Visualize and evaluate rank evolution across retrieval steps - rankflow plots, retrieval metrics, and pipeline comparison for RAG.

These details have not been verified by PyPI

Project links

Project description

RankFlow

See exactly how each document moves through your retrieval pipeline -- and measure whether re-ranking actually helps.

RankFlow visualizes and evaluates rank evolution across retrieval and re-ranking steps in RAG pipelines. Instead of staring at log files, you get a clear picture of what each pipeline stage does to your search results.

RankFlow

Why RankFlow?

Your re-ranker might be making things worse -- RankFlow shows per-step metrics (NDCG, MRR, Precision, Recall, MAP) so you know exactly which stage helps and which hurts.
You can't optimize what you can't see -- rank evolution plots reveal how documents shuffle between stages, which ones get dropped, and where relevant results fall off.
Evaluating one query isn't enough -- BatchRankFlow aggregates across hundreds of queries with dashboards, win/loss analysis, and automatic failure detection.
Hybrid search is a black box -- MergeRankFlow models branching pipelines (BM25 + vector search), showing overlap between branches and whether they're complementary or redundant.
Experiment tracking shouldn't require MLflow -- save, load, and statistically compare retrieval experiments with a file-based store.

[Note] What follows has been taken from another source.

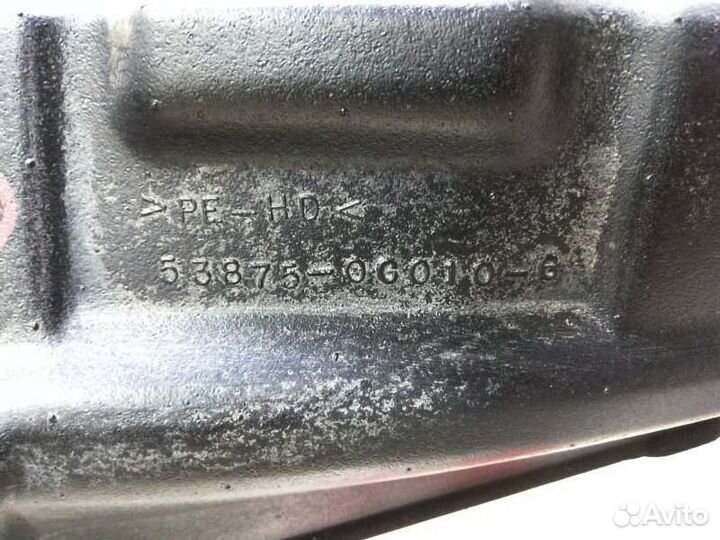 Подкрылок передний правый Toyota Tundra UCK40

No database, no infra.

Quick Start

pip install rankflow

import numpy as np
from rankflow import RankFlow

rf = RankFlow(
    ranks=np.array([[3, 0, 5, 1, 2], [1, 2, 4, 0, 3], [0, 3, 6, 1, 2]]),
    step_labels=["BM25", "Semantic", "Cross-Encoder"],
    chunk_labels=["doc_a", "doc_b", "doc_c", "doc_d", "doc_e"],
    relevant_chunks=["doc_a", "doc_c"],  # ground truth
    show_metrics=True,
)
rf.plot()

Relevant documents are highlighted, irrelevant ones fade out, and retrieval metrics are annotated at each step.

More examples

Density mode (100+ docs)	Batch evaluation dashboard	Hybrid pipeline (MergeRankFlow)

Features

Visualization

Feature	Description
Rank evolution plot	Line plot showing how each document's rank changes across pipeline stages
Density mode	Percentile bands for 100+ documents with focus lines for top-K and relevant docs
Interactive Plotly	Hover tooltips with document name, rank, score, and delta
A/B comparison	Side-by-side rendering of two pipelines
Source provenance	Distinct markers/colors for text vs. vector vs. hybrid results
NaN handling	Dashed lines for documents that appear or disappear between steps

Evaluation

Feature	Description
Per-step metrics	Precision@K, Recall@K, MRR, NDCG@K, MAP computed at every pipeline stage
Graded relevance	Numeric relevance grades with colormap visualization
Rank deltas	Annotate rank changes between consecutive steps
Per-chunk summary	Initial/final rank, max gain, max loss, total displacement
Top-K filtering	Focus on top-K documents (modes: `any`, `initial`, `final`)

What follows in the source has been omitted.